J’ai envie de vous parler d’elle et pourtant je ne la connais pas. Je ne sais même rien d’elle.
Je l’ai aperçue deux ou trois fois sur le quai du métro à la station Quai de la Gare, en allant travailler de bonne heure le matin.
Facile à repérer. On ne voyait qu’elle. Aussi clinquante qu’une boule à facettes. Des paillettes du sommet du crâne – serre-tête à froufrous lamés – jusqu’aux baskets en plastique doré. Blouson en lurex argent, jupe corolle strassée multicolore, collant argenté. Une tonne de bimbeloterie par-dessus le tout, aux oreilles, autour du cou, aux poignets, aux doigts. Fugitive rencontre, la rame déjà repartait.

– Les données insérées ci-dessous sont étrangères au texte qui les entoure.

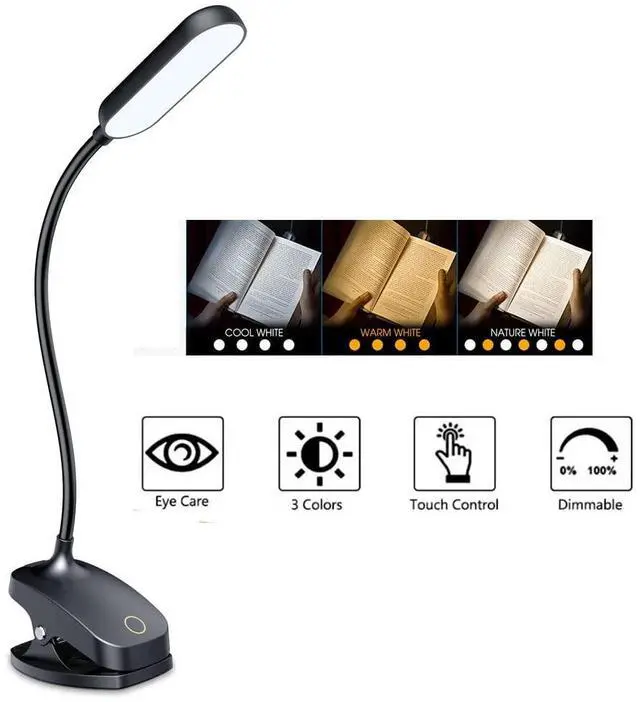 Alt view image 2 of 7 - Desk Lamp Clip On Light-7W 2600mAH Flexible Gooseneck Battery Operated Rechargeable Reading Lamp with Clamp & Stepless Brightness for Desk,Piano,Bed Headboard and Computers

Une fois, elle est montée dans le wagon. La soixantaine avancée, je dirais, des rides en pagaille, un cou plissé qui tranchaient avec ses fringues de princesse de dix ans et son gabarit fluet. Un drôle d’oiseau. Elle fredonnait, souriante, faisant cliqueter ses bracelets comme des maracas. De fins cheveux blonds retenus en arrière par une pince, assurément brillante. Des yeux bleu clair aux paupières fardées elles aussi de bleu. Bleu irisé. Des gestes larges, avenants, Montez messieurs dames y’a de la place. Gouaille aux accents parisiens. Relent de faubourg.
À peine croisées. C’est moi qui ai quitté le métro à la station suivante.
Hier, je l’ai revue. En milieu de matinée cette fois-ci, je l’ai tout de suite repérée sur le boulevard en contrebas de la station aérienne. À l’extrémité du passage clouté, elle gesticulait, allègre, pour faire circuler les voitures tel un agent de police éméché. Je l’imaginais, Passez messieurs dames, passez !
D’aucuns doivent la trouver foldingue. Douce folie qui fait valser la vie.
Que cachent sa jovialité et son besoin d’illuminer son quotidien ? Je ne peux qu’imaginer des blessures profondes, un traumatisme à enfouir sous des tonnes de paillettes, un sourire sparadrap, la volonté inébranlable d’aller bien quand tout va mal.
A moins qu’elle soit née étoile. Filante sur les boulevards parisiens. A bientôt peut-être, je ferai un vœu en la croisant.